Investing.com - The yen was slightly weaker in Asia on Wednesday as provisional industrial production estimates came in weaker than seen and overnight comments from Fed chief Janet Yellen were assessed.
USD/JP changed hands at 112.72, up 0.02%, while AUD/USD rose 0.14% to 0.7638.
In Japan, provisional industrial production figures for February fell 6.2%, more than the expected drop of 6.0% month-on-month.
The U.S. dollar index, which measures the greenback’s strength against a trade-weighted basket of six major currencies, was last quoted down 0.85% to 95.17.
Overnight, the dollar remained moderately lower against the other major currencies on Tuesday, despite the release of upbeat U.S. consumer confidence data as investors saw Yellen's remarks in a speech as dovish in tone.
In her first comments since the Fed decided to hold rates steady two weeks ago, Yellen said inflation has not yet proven durable against the backdrop of looming global risks.

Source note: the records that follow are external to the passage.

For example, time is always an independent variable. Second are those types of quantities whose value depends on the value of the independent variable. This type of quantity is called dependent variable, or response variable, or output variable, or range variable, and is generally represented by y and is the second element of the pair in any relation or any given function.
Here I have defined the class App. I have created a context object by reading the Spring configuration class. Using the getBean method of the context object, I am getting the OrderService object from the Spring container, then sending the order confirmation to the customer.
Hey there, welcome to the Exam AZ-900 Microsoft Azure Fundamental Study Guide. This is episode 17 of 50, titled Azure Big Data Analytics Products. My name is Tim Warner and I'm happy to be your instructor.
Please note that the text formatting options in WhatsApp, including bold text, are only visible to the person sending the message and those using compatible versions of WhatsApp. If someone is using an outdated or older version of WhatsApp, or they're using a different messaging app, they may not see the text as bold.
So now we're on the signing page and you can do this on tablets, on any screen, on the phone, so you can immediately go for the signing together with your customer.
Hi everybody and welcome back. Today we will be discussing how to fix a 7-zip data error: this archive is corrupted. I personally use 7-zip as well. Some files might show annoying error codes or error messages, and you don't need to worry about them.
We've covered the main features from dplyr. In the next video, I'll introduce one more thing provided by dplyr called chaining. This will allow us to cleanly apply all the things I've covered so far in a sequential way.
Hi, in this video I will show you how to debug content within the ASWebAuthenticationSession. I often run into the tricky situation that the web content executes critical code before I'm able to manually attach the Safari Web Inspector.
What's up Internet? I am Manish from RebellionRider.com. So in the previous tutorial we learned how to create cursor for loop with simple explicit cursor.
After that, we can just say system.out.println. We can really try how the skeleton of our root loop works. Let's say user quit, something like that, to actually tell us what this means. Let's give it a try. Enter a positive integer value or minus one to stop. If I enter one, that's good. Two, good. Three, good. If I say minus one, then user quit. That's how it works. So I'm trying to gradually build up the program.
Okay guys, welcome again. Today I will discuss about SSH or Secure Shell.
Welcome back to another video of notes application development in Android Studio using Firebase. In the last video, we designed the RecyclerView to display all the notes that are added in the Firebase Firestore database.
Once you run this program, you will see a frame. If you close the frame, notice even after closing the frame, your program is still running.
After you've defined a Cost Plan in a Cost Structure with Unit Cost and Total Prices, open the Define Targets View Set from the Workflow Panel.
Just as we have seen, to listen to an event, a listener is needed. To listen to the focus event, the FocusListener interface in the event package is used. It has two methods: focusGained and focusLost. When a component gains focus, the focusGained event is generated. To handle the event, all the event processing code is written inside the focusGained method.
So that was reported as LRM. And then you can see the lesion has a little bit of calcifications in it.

"Given the risks to the outlook, I consider it appropriate for the Committee to proceed cautiously in adjusting policy," she said of the Fed's policy-making Federal Open Market Committee.
The Conference Board said its index of consumer confidence rose to 96.2 this month from a reading of 94.0 in February, whose figure was revised from a previously reported 92.2. Analysts expected the index to increase to 94.0 in March.
The yen weakened after Japanese Prime Minister Shinzo Abe said earlier Tuesday that he will proceed with a planned sales tax hike next April unless the economy is hit by a severe shock. Many analysts had expected Abe to delay the planned tax hike which could threaten Japan’s fragile economic recovery.